Deep waters
Lead performance propels Best Foreign Film Oscar winner The Sea Inside
The story of a quadriplegic’s lengthy and very public struggle to arrange for his own death may not sound like a very inviting subject for a movie. But Alejandro Amenábar’s The Sea Inside, the Spanish picture that won this year’s Oscar for Best Foreign Film, not only steers clear of that story’s temptations to morbid soap opera, it also proves itself as a surprisingly engaging and multi-faceted drama.
Based on the story of Ramon Sampedro, a Spanish quadriplegic who waged a lengthy campaign in the 1990s on behalf of his own right to die, Amenábar’s film rides a superb, touchingly articulate performance by Javier Bardem in the role of Sampedro. But if the pathos and intelligence of Bardem’s Sampedro are at the center of the film’s fascination, there is even greater appeal and interest in the emotional and psychological complexities that arise via a half-dozen distinctively sketched secondary characters.
Amenábar’s film enters the story at a point where Sampedro, paralyzed since early adulthood and for more than half his life utterly dependent on family members, seeks out legal assistance from a “death-with-dignity” activist (Clara Segura) and a lawyer (Belén Rueda) who is herself suffering from a degenerative disease. His public efforts to gain legal permission for assisted suicide produce a series of crises in his own family and lead to the acquaintance, and an increasingly complex relationship, with a working-class single mother named Rosa (Lola Dueñas).
Sampedro’s unexpected emotional entanglements with both Rosa and Julia the lawyer give The Sea Inside some potent elements of unconventional romance, and those developments complicate his already diverse relations with his own family. The contrasting affections of his sister-in-law Martha (Mabel Rivera) and nephew Javi (Tamar Novas) and the conflicted sympathies of his brother (Celso Bugallo) and father (Joan Dalmau) make the dynamics of Sampedro’s unorthodox quest all the more provocative.
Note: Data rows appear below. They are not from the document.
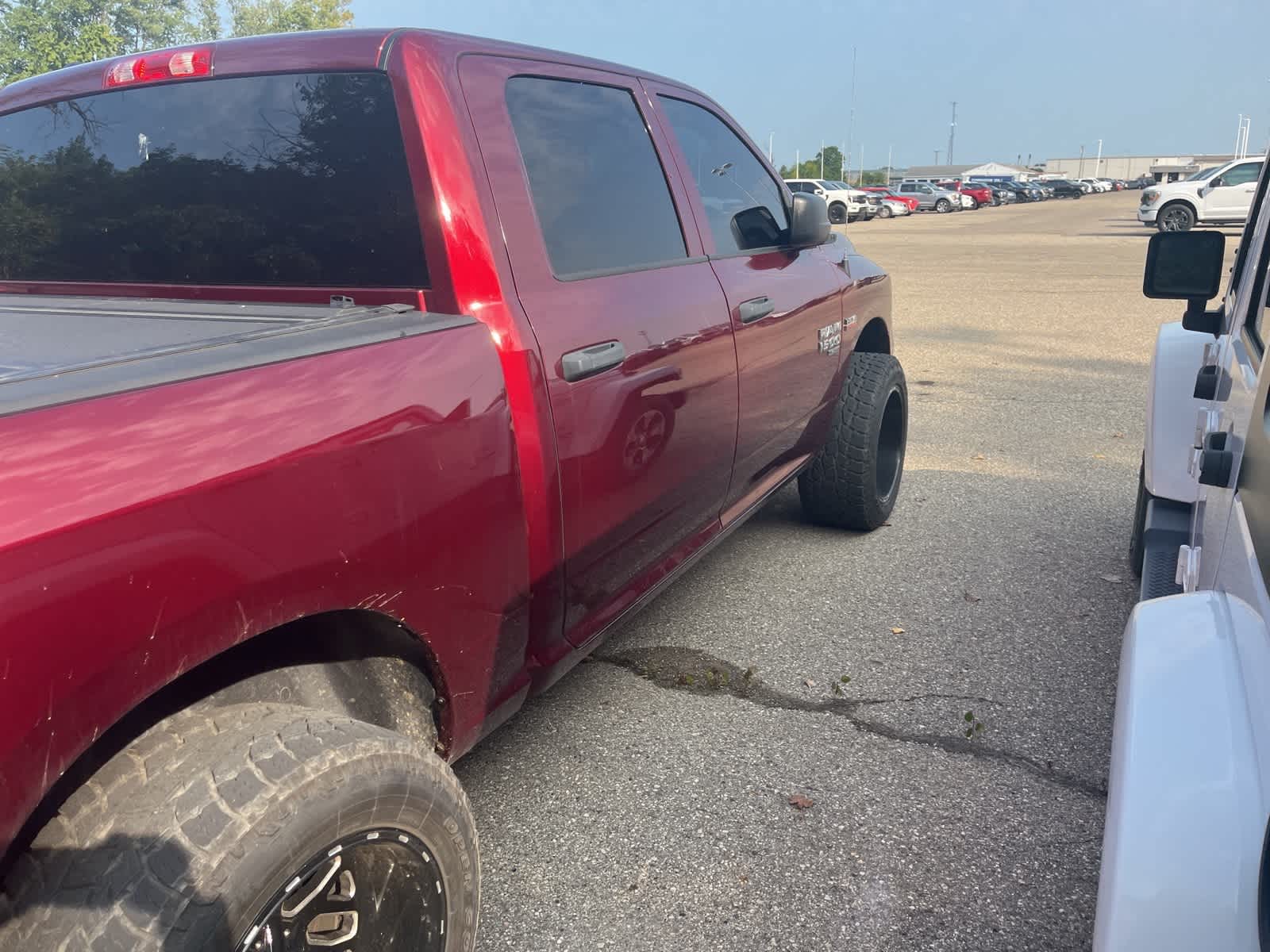Thumbnail: 2019 RAM 1500 Classic - 16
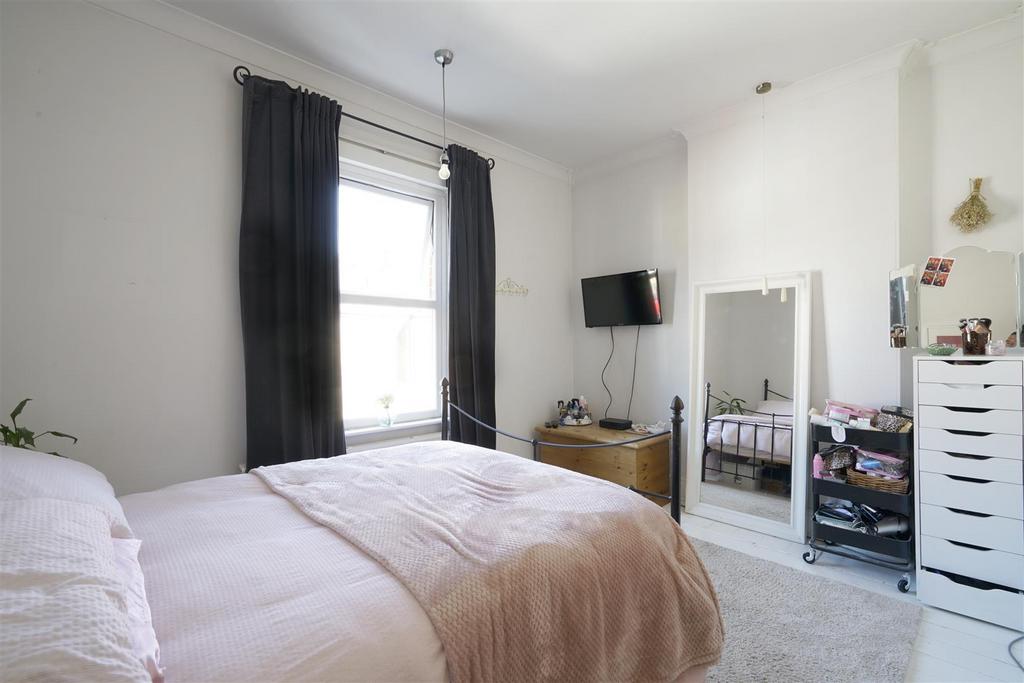 Bedroom 2 2.jpg
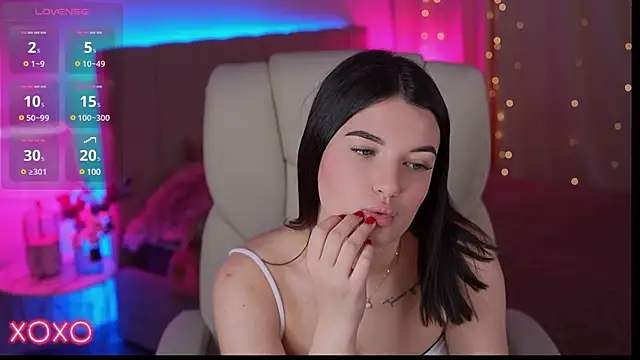 YourLolaBunny online show from 03/08/25, 06:54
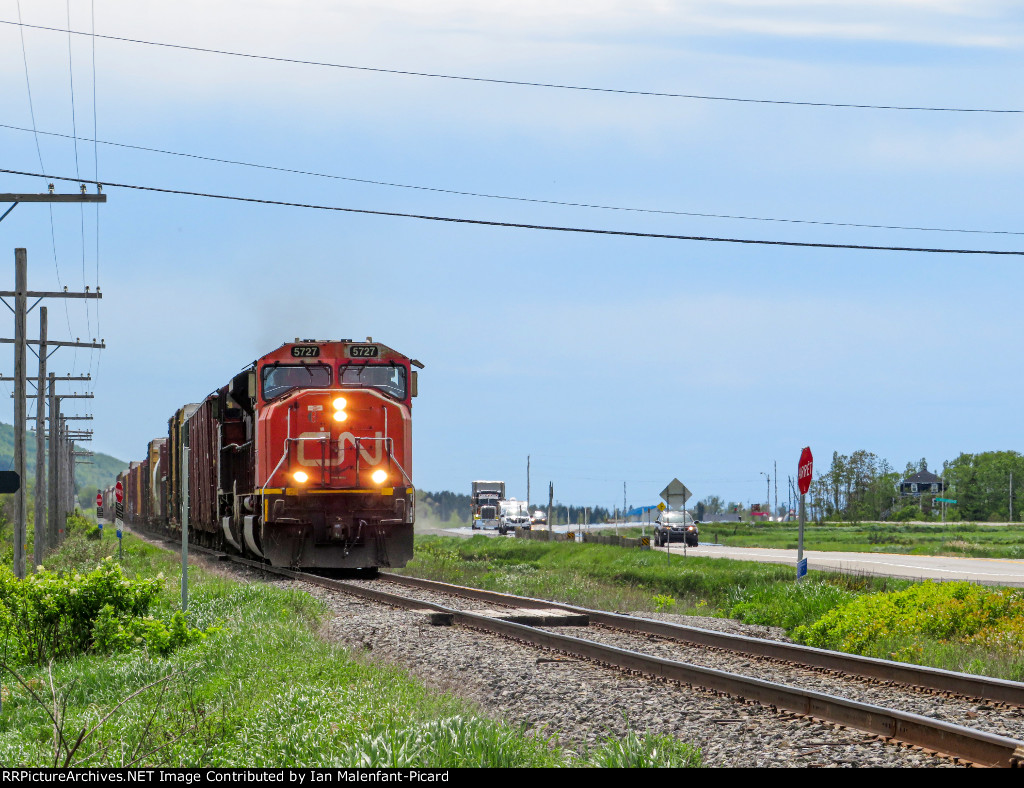 CN 5727 leads 402 in Saint-Simon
A dark-humored confrontation with a quadriplegic priest (José María Pou) gives Sampedro’s story its most explicit encounter with religious doctrine. But the film as a whole seems less concerned with making a case for assisted suicide than with exploring the mysteries of Sampedro’s remarkable character as well as those of the people swept up in his unfolding drama.
The title of this film, after all, seems a metaphor for the depths and flow of a dimension of experience that is both within us and beyond us. And Amenábar combines Sampedro’s flashbacks and his fantasies of flight and release from immobility in ways that suggest that the man’s deepest motivations shimmer namelessly in the vicinity of his declared intentions.